- Task directions -
Lines below starting with the line with "Танюша Візажист. Сімейний" and going on through the line with "Oakley Encoder Matte" must be output exactly; the rest of the records must be left out.

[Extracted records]
+---+
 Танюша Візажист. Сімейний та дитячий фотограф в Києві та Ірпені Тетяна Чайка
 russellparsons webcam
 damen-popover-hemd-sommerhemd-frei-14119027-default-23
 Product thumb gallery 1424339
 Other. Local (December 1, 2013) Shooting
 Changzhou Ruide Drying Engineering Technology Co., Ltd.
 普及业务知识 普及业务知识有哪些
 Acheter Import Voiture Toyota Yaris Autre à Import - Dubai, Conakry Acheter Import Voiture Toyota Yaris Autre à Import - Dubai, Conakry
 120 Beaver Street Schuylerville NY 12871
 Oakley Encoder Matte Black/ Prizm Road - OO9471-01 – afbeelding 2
+---+
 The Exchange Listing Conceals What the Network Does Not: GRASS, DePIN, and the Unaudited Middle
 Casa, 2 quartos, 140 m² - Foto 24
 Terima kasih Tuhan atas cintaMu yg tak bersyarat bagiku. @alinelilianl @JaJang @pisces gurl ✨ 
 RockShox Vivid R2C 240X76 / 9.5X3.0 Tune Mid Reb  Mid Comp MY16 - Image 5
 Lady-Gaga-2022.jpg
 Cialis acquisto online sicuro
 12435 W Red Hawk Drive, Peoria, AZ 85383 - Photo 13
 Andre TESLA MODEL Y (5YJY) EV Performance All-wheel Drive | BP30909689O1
+---+
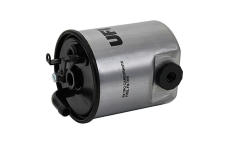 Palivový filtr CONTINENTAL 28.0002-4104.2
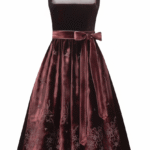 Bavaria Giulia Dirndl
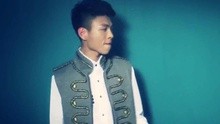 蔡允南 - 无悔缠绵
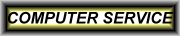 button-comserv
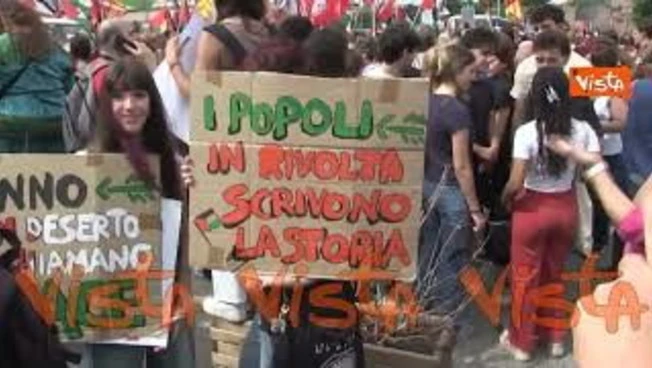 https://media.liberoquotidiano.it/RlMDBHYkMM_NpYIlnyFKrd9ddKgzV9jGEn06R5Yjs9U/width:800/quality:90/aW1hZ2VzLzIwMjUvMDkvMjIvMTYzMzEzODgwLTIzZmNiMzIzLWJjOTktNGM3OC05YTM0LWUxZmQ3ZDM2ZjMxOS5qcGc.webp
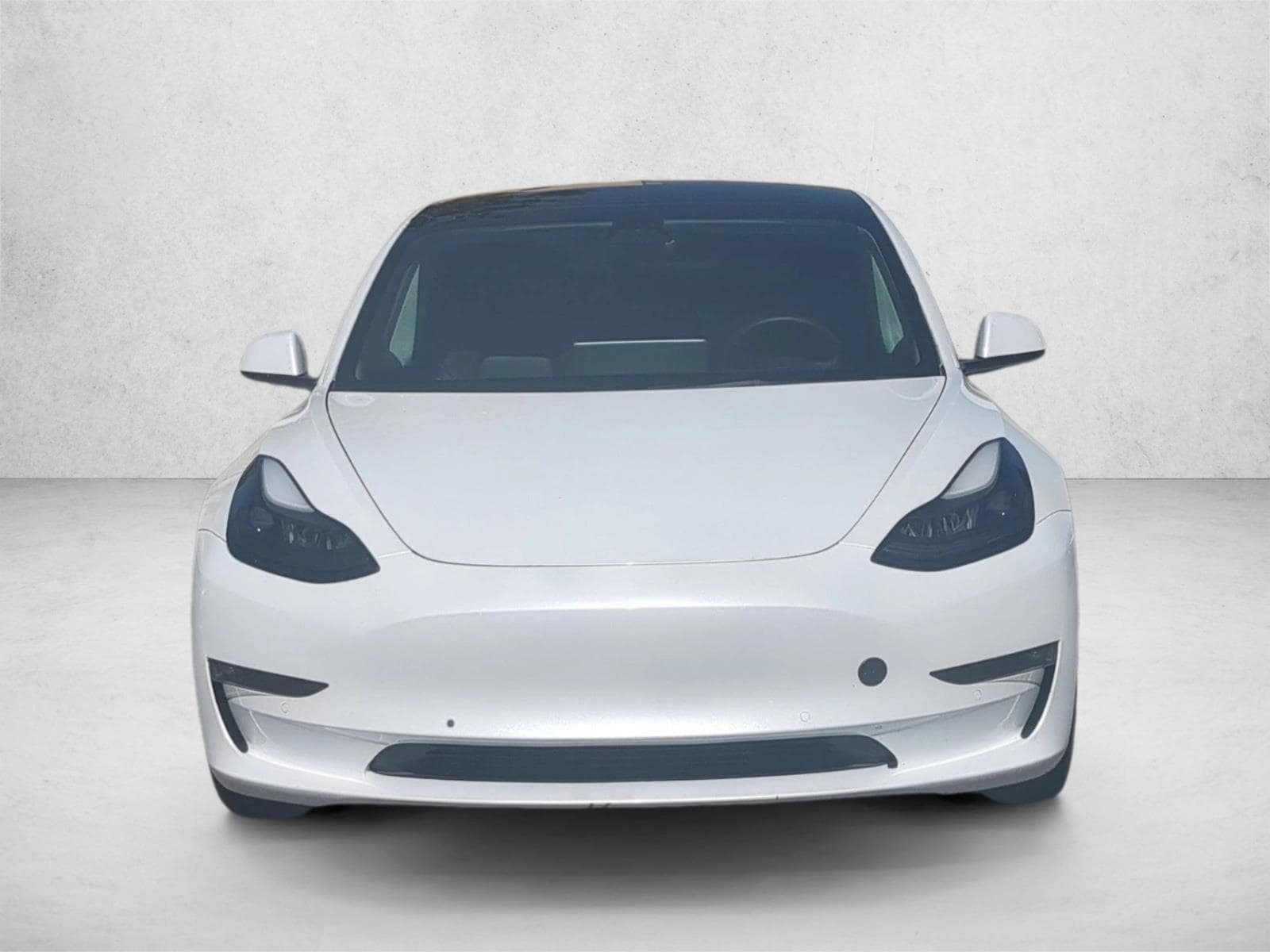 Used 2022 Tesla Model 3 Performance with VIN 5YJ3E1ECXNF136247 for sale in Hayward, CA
+---+
- Written answer -
 Танюша Візажист. Сімейний та дитячий фотограф в Києві та Ірпені Тетяна Чайка
 russellparsons webcam
 damen-popover-hemd-sommerhemd-frei-14119027-default-23
 Product thumb gallery 1424339
 Other. Local (December 1, 2013) Shooting
 Changzhou Ruide Drying Engineering Technology Co., Ltd.
 普及业务知识 普及业务知识有哪些
 Acheter Import Voiture Toyota Yaris Autre à Import - Dubai, Conakry Acheter Import Voiture Toyota Yaris Autre à Import - Dubai, Conakry
 120 Beaver Street Schuylerville NY 12871
 Oakley Encoder Matte Black/ Prizm Road - OO9471-01 – afbeelding 2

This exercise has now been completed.